Manger, bouger, Alger, danger, par Kamel Daoud
Comme des processions obscures, pour des religions de dévorations : de longues files de gens qui, soudain, à l’heure de l’aube noire, dans l’arrière-pays, se lèvent, murmurent avec colère, se rassemblent, se mettent les uns derrière les autres, cherchent leurs chaussures puis une tête, puis s’ébranlent vers Alger. Point lointain de l’horizon qui donne à manger et mange le pays. Ville des négociations depuis les antiquités, butin, femme, prostituée, victime de viol ou de rapt, ayant épousé tour à tour un vieux soldat romain, deux frères ottomans flibustiers, suicidée, forcée à s’allier avec le français puis offerte en lien de sang avec le sang des martyrs puis cloîtrée, enfermée, prise, violée encore par les colonels de l’époque.

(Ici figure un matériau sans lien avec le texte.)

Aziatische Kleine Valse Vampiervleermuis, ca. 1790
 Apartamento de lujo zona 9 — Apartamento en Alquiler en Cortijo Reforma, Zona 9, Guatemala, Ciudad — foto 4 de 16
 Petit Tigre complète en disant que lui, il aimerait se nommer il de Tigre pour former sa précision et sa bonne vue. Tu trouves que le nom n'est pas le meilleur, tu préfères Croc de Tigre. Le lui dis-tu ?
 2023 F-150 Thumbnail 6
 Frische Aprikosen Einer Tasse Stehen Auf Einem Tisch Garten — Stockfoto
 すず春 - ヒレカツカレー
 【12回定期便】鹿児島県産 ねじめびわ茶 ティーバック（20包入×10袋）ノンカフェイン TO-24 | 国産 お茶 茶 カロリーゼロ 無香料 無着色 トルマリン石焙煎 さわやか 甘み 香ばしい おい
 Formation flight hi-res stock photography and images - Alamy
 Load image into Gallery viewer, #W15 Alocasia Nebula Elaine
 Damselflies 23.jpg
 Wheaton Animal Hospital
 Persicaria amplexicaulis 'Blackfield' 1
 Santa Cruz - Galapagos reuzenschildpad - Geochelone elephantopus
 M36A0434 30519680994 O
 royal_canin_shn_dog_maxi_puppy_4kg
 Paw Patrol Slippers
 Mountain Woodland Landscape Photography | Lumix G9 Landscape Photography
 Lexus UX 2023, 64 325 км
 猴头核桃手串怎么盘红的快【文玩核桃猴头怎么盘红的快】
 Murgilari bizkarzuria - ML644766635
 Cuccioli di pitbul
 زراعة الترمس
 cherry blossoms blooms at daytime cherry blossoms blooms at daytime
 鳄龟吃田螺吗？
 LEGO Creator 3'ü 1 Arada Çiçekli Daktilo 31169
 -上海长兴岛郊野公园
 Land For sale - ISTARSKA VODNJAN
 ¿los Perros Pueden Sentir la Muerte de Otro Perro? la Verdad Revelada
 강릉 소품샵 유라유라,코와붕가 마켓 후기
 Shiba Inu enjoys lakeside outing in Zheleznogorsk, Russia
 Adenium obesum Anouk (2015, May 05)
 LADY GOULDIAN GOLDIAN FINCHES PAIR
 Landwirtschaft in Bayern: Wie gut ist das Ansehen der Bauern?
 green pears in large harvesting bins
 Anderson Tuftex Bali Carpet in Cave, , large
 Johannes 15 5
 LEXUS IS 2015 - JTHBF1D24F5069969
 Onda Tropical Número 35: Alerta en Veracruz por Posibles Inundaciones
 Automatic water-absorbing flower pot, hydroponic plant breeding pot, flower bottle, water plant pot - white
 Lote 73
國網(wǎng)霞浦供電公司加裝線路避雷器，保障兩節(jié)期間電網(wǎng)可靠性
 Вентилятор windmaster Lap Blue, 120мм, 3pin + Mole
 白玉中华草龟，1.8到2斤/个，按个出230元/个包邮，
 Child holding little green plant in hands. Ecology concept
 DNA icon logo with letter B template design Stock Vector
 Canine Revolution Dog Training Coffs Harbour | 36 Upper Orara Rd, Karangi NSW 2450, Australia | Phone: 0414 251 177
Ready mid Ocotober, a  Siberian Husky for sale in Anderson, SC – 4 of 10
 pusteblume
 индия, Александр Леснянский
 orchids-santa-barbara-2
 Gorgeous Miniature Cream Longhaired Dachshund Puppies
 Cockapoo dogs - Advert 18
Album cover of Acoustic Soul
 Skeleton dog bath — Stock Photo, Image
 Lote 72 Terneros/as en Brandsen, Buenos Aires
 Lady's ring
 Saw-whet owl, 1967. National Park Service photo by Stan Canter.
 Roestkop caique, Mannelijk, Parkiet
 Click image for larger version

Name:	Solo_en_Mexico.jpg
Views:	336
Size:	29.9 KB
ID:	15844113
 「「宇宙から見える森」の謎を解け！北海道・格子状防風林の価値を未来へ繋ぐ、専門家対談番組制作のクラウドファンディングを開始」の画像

Ville qui tourne le dos au pays et qui le surveille à la fois. Donc au matin, l’aube est une semelle et l’heure est un chemin. La procession marche, grossit, devient obscure et forte, et lentement s’écoule de la montagne vers la plaine et de la plaine vers Alger. Et c’est là qu’elle est généralement stoppée, endiguée : on finit par en déléguer quelques-uns, les mettre dans les voitures ou des chariots, les mener vers le Bureau d’Alger et négocier Alger avec eux. La procession se disperse, se désagrège, s’émiette puis s’évapore : les gens rentrent chez eux. Alger leur a promis du pain, encore plus de semoule, de l’argent, des terres ou des postes. Jusqu’au prochain cycle. Cela dure depuis toujours ces noces alimentaires entre Alger et le reste du pays. De plus en plus.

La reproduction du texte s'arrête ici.